Eugénie est l’égérie, la soubrette, la cuisinière, la muse du gastronome Dodin-Bouffant. Dans cette petite ville du Jura, Dodin-Bouffant tient grande table mais que pour ses amis, éduqués aux saveurs riches et élaborées, sans fautes de goût ou d’associations hasardeuses. Un pur et dur, Dodin-Bouffant jusqu’au jour où la douce Eugènie décide de rendre son tablier et de rejoindre la table du seigneur. Perdu le Dodin qui va devoir trouver une remplaçante à sa « perle ». Il va y arriver avec la dodue Adèle Pidou, un modèle du genre, qui servira au nom de Dodin un repas de gala au Prince d’Eurasie qui restera dans les annales. Au point que le noble gastronome, jaloux de Dodin, va tenter de lui enlever son Adèle. Mais le dieu de la bonne chère veille sur son ami Dodin.

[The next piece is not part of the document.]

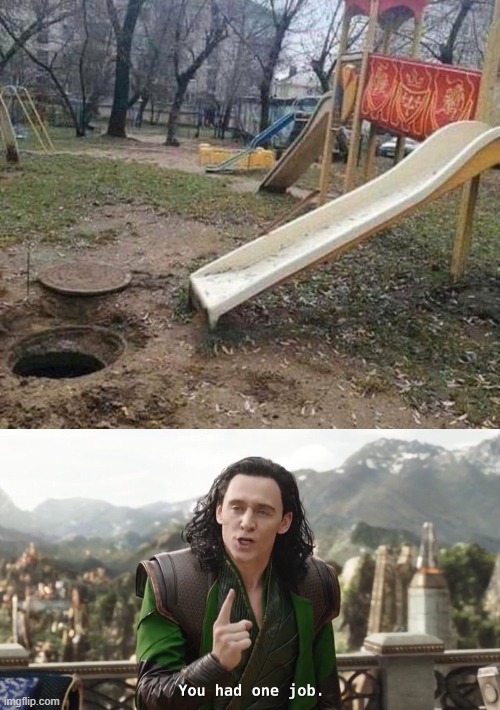 Someone really hates children | image tagged in you had one job,memes,funny,loki,fail | made w/ Imgflip meme maker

Mathieu Burniat a adapté librement le roman. Mais avec quelle tendresse et appétit. On est à côté de Dodin et de ses compères, on se pourlèche les babines à l’énoncé des recettes, des ingrédients. La purée de Soubise, le consommé de culotte de bœuf, les fritures de Brillat-Savarin et la marinade de Volnay, que du bonheur. On imagine, on sent les arômes, les parfums. Et puis il y a du sentiment, de la pudeur, de l’amour, de la passion. Burniat a le trait léger, caricatural parfois, à la Daumier ou à la Jeanjean (quelques beaux dessins clôturent l’ouvrage), une belle ligne claire qui souligne ces plats pour amateurs éclairés (mais disparus) de grande cuisine familiale.